Take It As Red

"Blogging is, by its very nature, erratic and irregular, feverish effort punctuated by random silence, a conundrum wrapped in a contradiction wrapped in a mystery wrapped in an unclosed em tag. " - The Poor Man

Tuesday, January 18

 

Cute Cats, Death Squads and the Iran Invasion

Well,what with Seymour Hersh in the New Yorker giving us the inside skinny on the USA's latest madcap plans - oh, those jolly japesters and their hazing pranks - to invade Iran (hang on, haven't they done that already? Isn't that what sending special forces teams into a country you're not at war with is, an invasion? Oh, silly me, of course, that's just semantics. Those are US Freedom Squadstm!) I have been feeling the need for some fluffiness. So here it is:



Right on time, via The Poorman , here comes Christy Marx with the Silly Sleeping Pose Olympics. I'm not sure I want to know exactly how this cat got where it is, but suffice it to say it probably took some serious spatial geometry calculation, which, as we all know, comes naturally to cats. Dogs, on the other hand, can barely make it through long division.
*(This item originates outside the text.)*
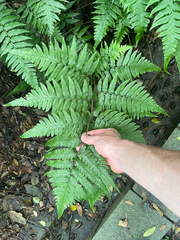Diplazium taiwanense (Diplazium taiwanense)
There has been a lot of left blog commentary on Hersh's report, but what commentary I have read so far seems to miss the main thrust of the article. Instead they've concentrated on the whole Iran thing. I think this is a mistake. What comes over most clearly from the article is the way in which the normal checks and balances, such as they were, that kept the Pentagon from operating secretly have now been dismantled, that the CIA has become a busted flush and is now nothing more than an echo chamber for the administration, and that Rumsfeld has the power to send Special Forces anywhere at all, to do anything at all, with apparently no executive, judicial or legislative oversight. Humint is no longer within the purview of the CIA but that of Defence Intelligence ( that was what the whole Porter Goss purge was about, and aren't secret Executive Orders handy?) ; thus Defence Intelligence, directly overseen by Rumsfeld, is now in control, is free from reporting and not subject to the Freedom of Information Act or subject only when it suits.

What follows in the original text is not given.